The 9/11 attacks, devastating as they were, could have been followed by attacks incomparably greater in their human costs. And strategic rivals around the world, such as China and Russia, sensing the possibility of American weakness and withdrawal, readied themselves to take advantage of any sign of US hesitancy.
The Bush administration made mistakes after 9/11, but they were mistakes of implementation, not an inability to perceive the threat clearly. When Bush left office, neither his successes nor failures could reasonably justify a conclusion that the fight was over, let alone victorious. After all, we never wanted the war in the first place. We were the victims of aggression, and the aggressors were (and are) still in the field.
Today, however, after nearly eight years of President Barack Obama and his media allies, it feels as though we have returned to September 10, 2001. Obama refuses to talk about the ideology of radical Islam, even though more Muslims have been victimized by this theocratic nightmare than non-Muslims. Obama refuses to acknowledge the war being waged against us, even though his own senior intelligence officials have repeatedly testified to Congress that the global terrorist threat is equal to or greater than it was before 9/11. And even when he authorizes the use of military force, Obama refuses to deploy it effectively and swiftly, fearing what he believes is the American propensity to “overreact,” thus igniting more violence. Only he is apparently immune from this national character flaw.

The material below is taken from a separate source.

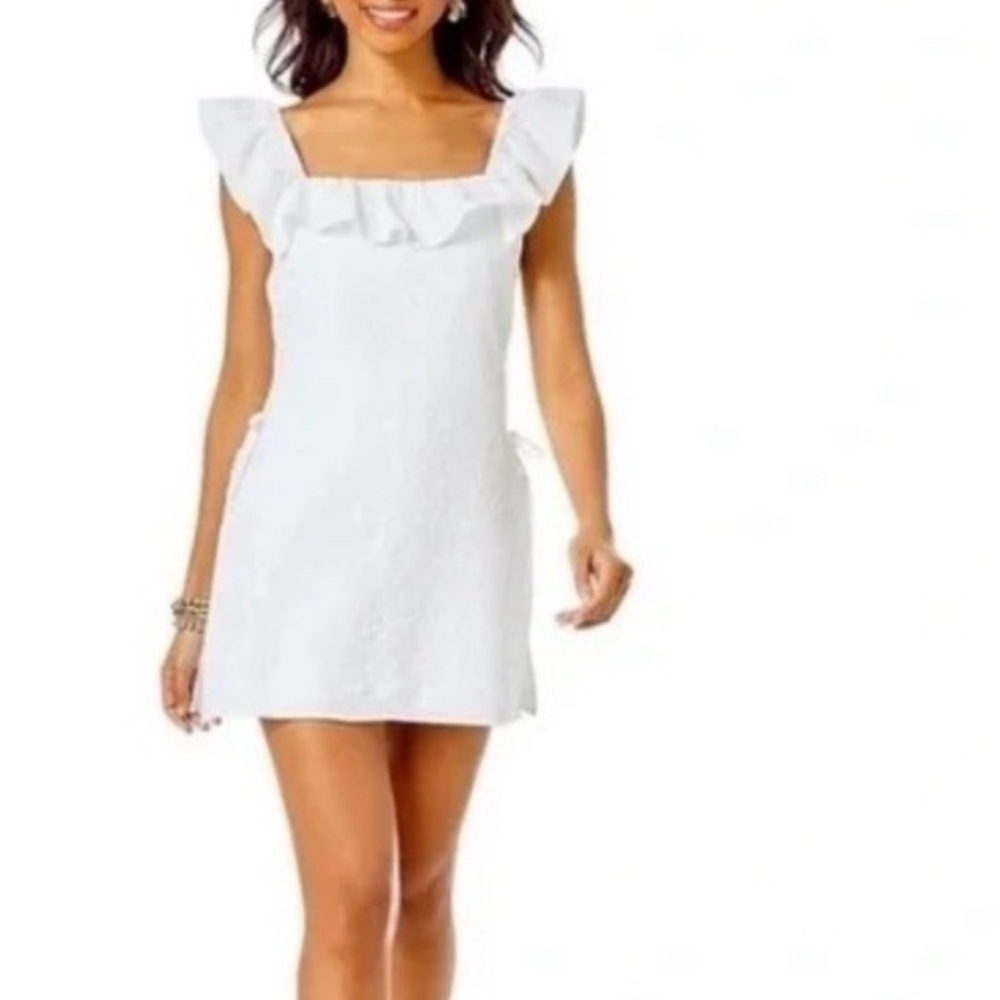 Lilly Pulitzer White Ruffle-Trim Mini Dress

But while Obama continues to live in a parallel universe, the evidence that his policies have failed continues to mount.
Four years ago, in Benghazi, Libya, we saw one of only many such failures, one which he and his secretary of State, Hillary Clinton, have repeatedly tried to cover up. Obama’s policies are Clinton’s policies. If she prevails in November, her presidency will doubtless be Obama’s third term in national-security affairs.
Do you feel “on alert” today to the global terrorist threat? Will you also be “on alert” tomorrow, when the anniversary has passed? Will you be “on alert” this November 8? The last is the most important question of all.
John Bolton, a senior fellow at the American Enterprise Institute, was the US permanent representative to the United Nations and, previously, the undersecretary of State for arms control and international security. This article was originally published by The Pittsburgh Tribune Review.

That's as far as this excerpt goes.